Questionable baseline assessments suggested by the Department for Education to assess the abilities of four and five year-olds have been abolished.
The validity of attempts to measure a child’s ability at such a young age were heavily disputed by teaching unions and some parents, arguing that children of this age were too young to assess.
The BBC recently reported that children as young as six were already feeling stressed by “exam pressure”, so it would have been wildly optimistic to think these tests would have been welcomed.
After conducting a study which assessed the comparability of the three testing systems, the DfE later came to the decision that competing providers would offer schools a choice.
Speaking to the Guardian, a DfE spokesperson said: “The comparability study has shown that the assessments are not sufficiently comparable to provide a fair starting point from which to measure pupil progress”.
Critics had already pointed out that they had led to children being grouped by ability at a young age, and added to teachers’ workload while giving them little useful information.
“It is hard to avoid saying ‘we told you so’,” a head teachers’ union commented drily to the BBC.
The National Union of Teachers had previously criticised baseline tests; it said it felt as though its campaign “made the government come to its senses.”

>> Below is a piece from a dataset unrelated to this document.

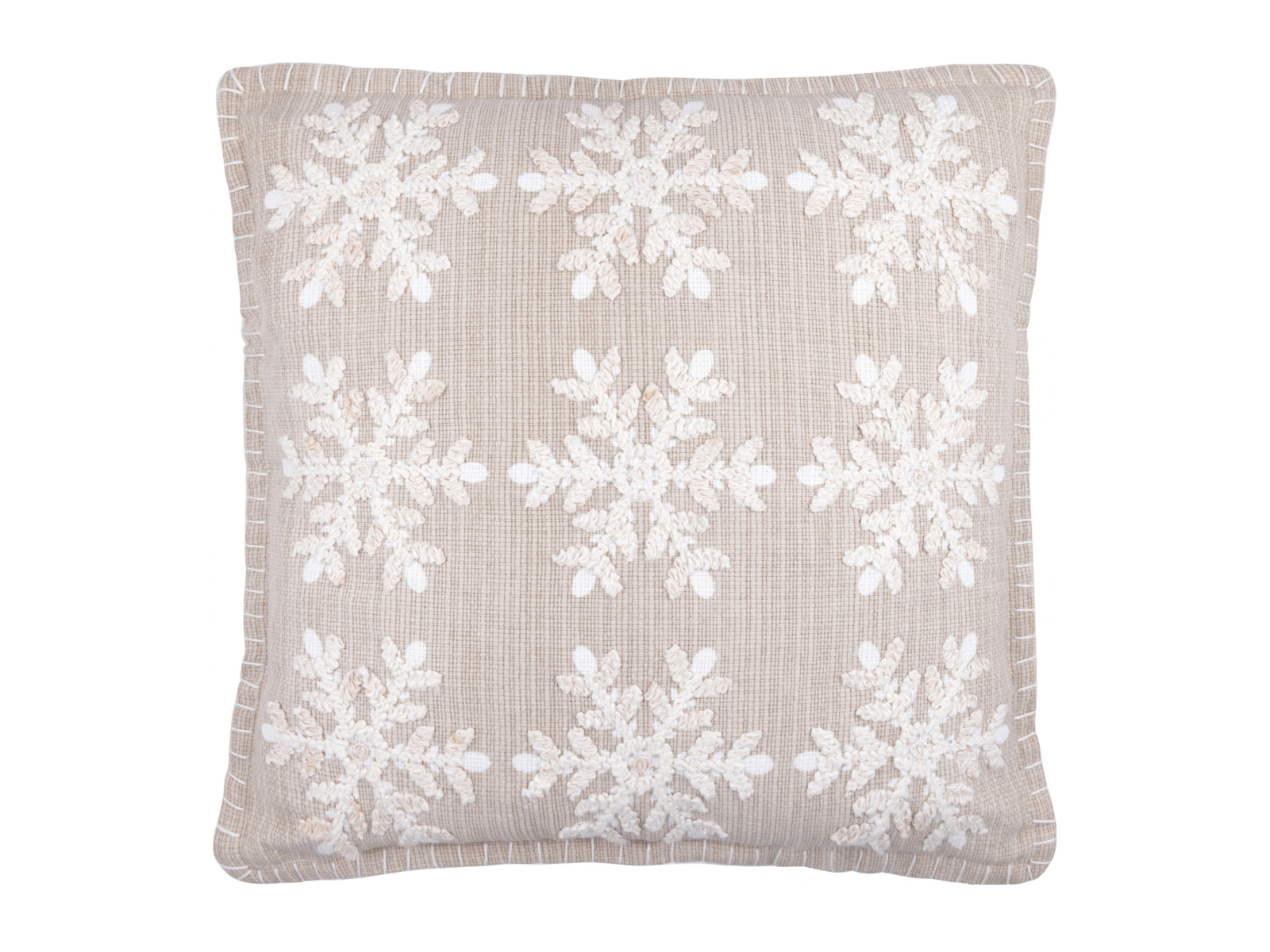 Greengate Snowflake Kissen mit Stickerei beige 50x50cm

“What we need is for the government to discuss with us what appropriate assessment in early years education looks like. The qualified teachers working in early years would be only too pleased to share the good practice they have developed,” said Christine Blower, the NUT’s general secretary.”
Despite the U-turn, the DfE had already committed to funding the tests for 2016, so it will incur additional costs along with administration and training costs, due to the first round of assessments last September.
The education department is still committed to the principal of baseline testing and will continue looking in to how to best assess early years pupils, whilst Early Excellence, an independent provider, said that it would continue to use its version of the test next year.
Liz Marsden, director of Early Excellence, said: “For us, and the whole early years community, learning is defined more by academic attainment. We need a broad definition that takes in to account emotional, mental and physical health, learning behaviours and dispositions.”
“We urge the government to incorporate these features in to any new assessment beyond 2016.”
It has been suggested by TES that Ministers are now looking in to the possibility of a ‘schools readiness indicator’, as it is understood that the DfE wants to move away from a ‘single provider approach’ to any such assessment.